= Tom Binns Design =

Jewellery design company

Tom Binns Design is a jewellery design company founded in 2004 by jeweller Tom Binns and CEO Cristina Viera Newton.

== Career ==
Binns has been designing, manufacturing and distributing jewellery for almost thirty years, starting with his Punkature collaboration in the early 1980s with Vivienne Westwood and Malcolm McLaren, after which Binns became “Westwood’s right-hand man.” Binns has been credited by The Independent Magazine with pioneering “a Dada-inspired approach to jewellery, fusing precious jewels with household junk.” Key themes from the Dada movement are deliberate irrationality, anarchy, anti-bourgeoise and the rejection of standard beauty and social organisation.

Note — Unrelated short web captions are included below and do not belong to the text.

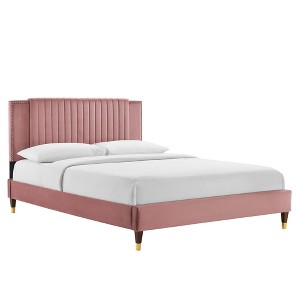 Modway Zahra Channel Tufted Performance Velvet Twin Platform Bed - 1 of 4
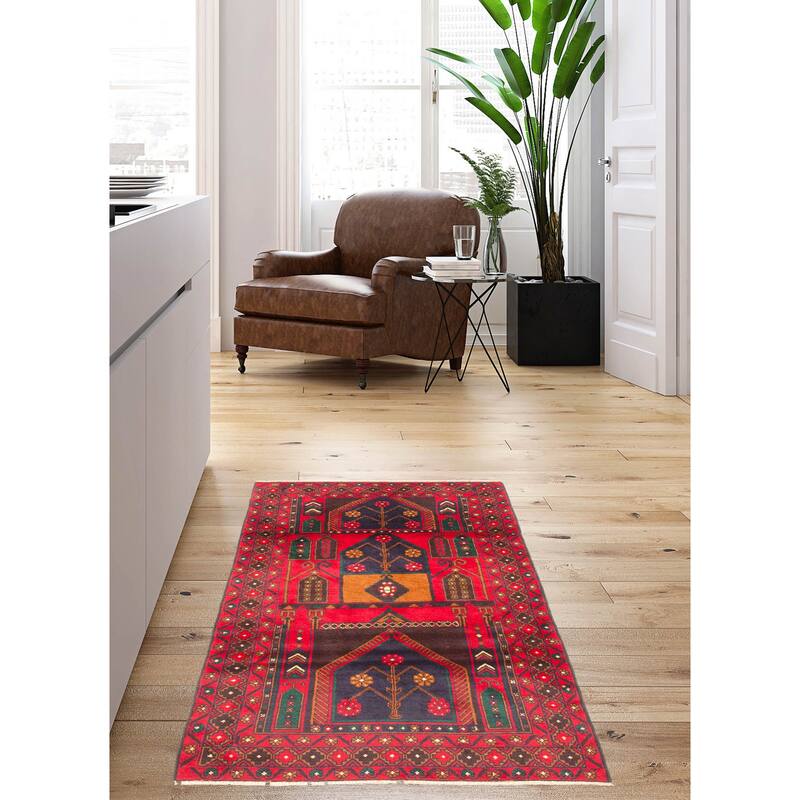 ECARPETGALLERY Hand-knotted Teimani Red Wool Rug - 3'7 x 6'7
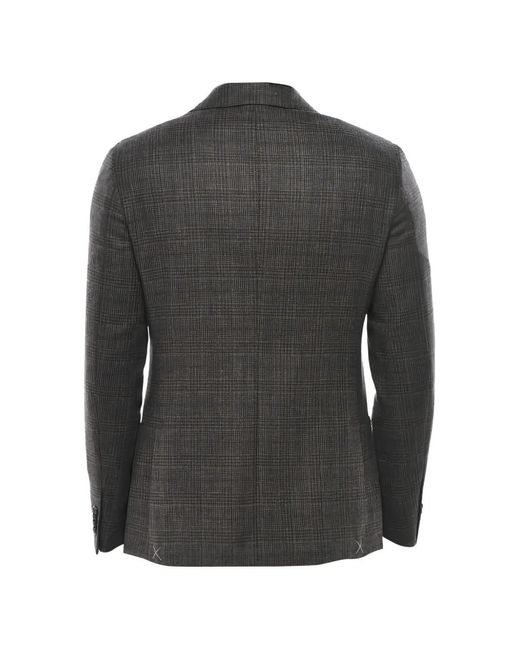 Corneliani Gray Blazer À Carreaux for men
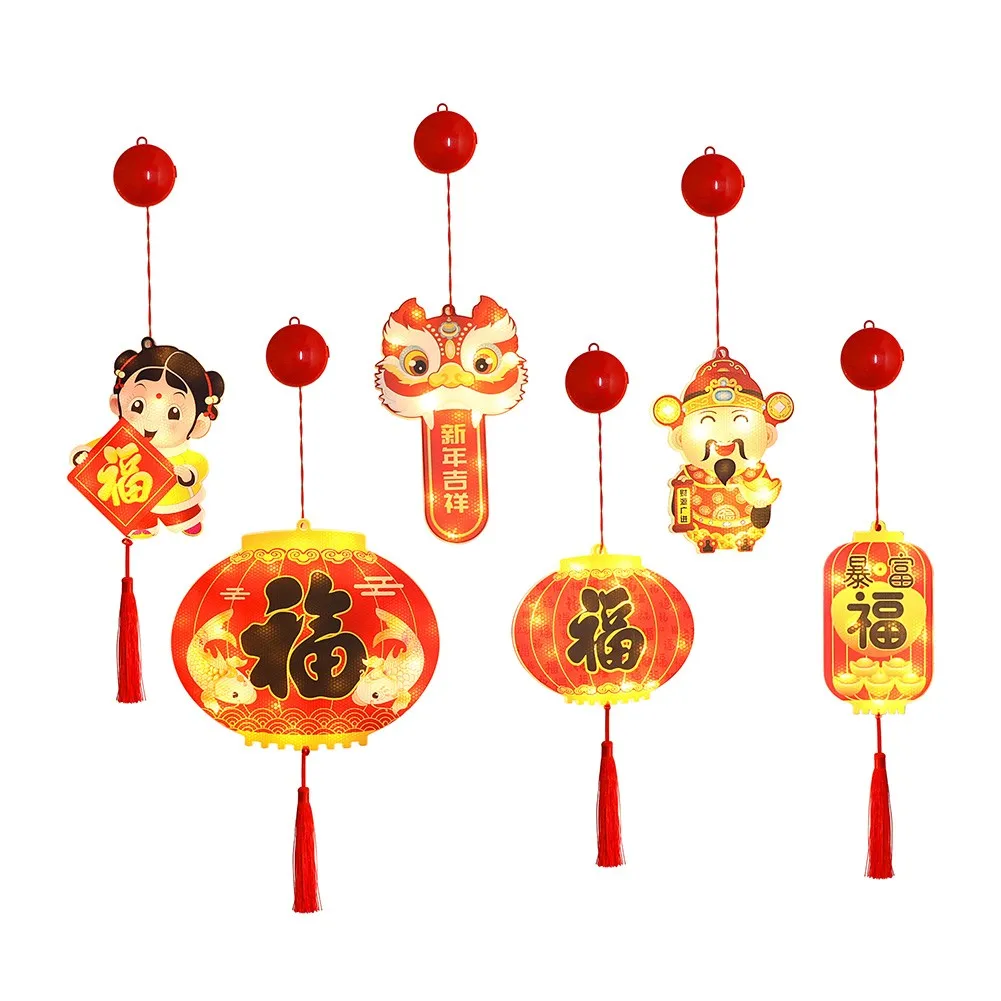 

5 Style 2022 Chinese New Year Decorations Door Hanging Lights Rich Fortune Blessed Lanterns Spring Festival Home Decor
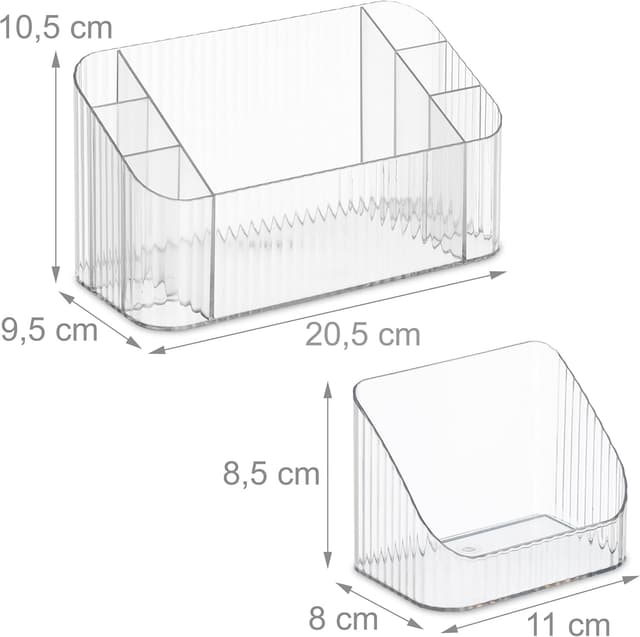 Detalle de Relaxdays Kosmetik Organizer 2er-Set (Kunststoff, transparent) für Make-up, Pinsel & Co.
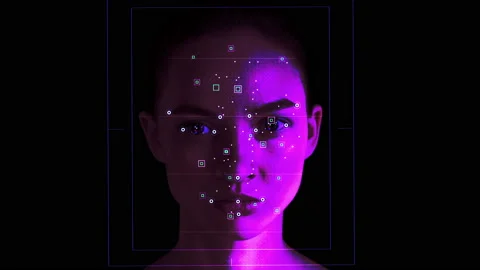 Face ID. Facial Recognition System. Face Detection Dots and Trackers. Видео 107599126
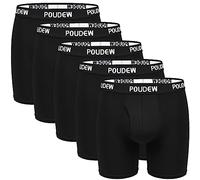 Poudew Herren Unterwäsche Active Mesh Boxershorts, Tagless Herren Boxershorts Unterwäsche mit Tasche, 5 Stück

Tom Binns Design has now adorned icons ranging from Michelle Obama, who wore Tom Binns Design jewellery whilst visiting Ireland and Britain in May 2011, to Lady Gaga, who was styled in a fluorescent yellow Slap Dash necklace for the March 2011 issue of American Vogue.

==Awards==
- 2006 Accessory Designer of the Year from the Council of Fashion Designers of America;
- 2007 Best Accessories Designer from British Fashion Council;
- 2010 Elle Style Awards for Best Jewellery Designer.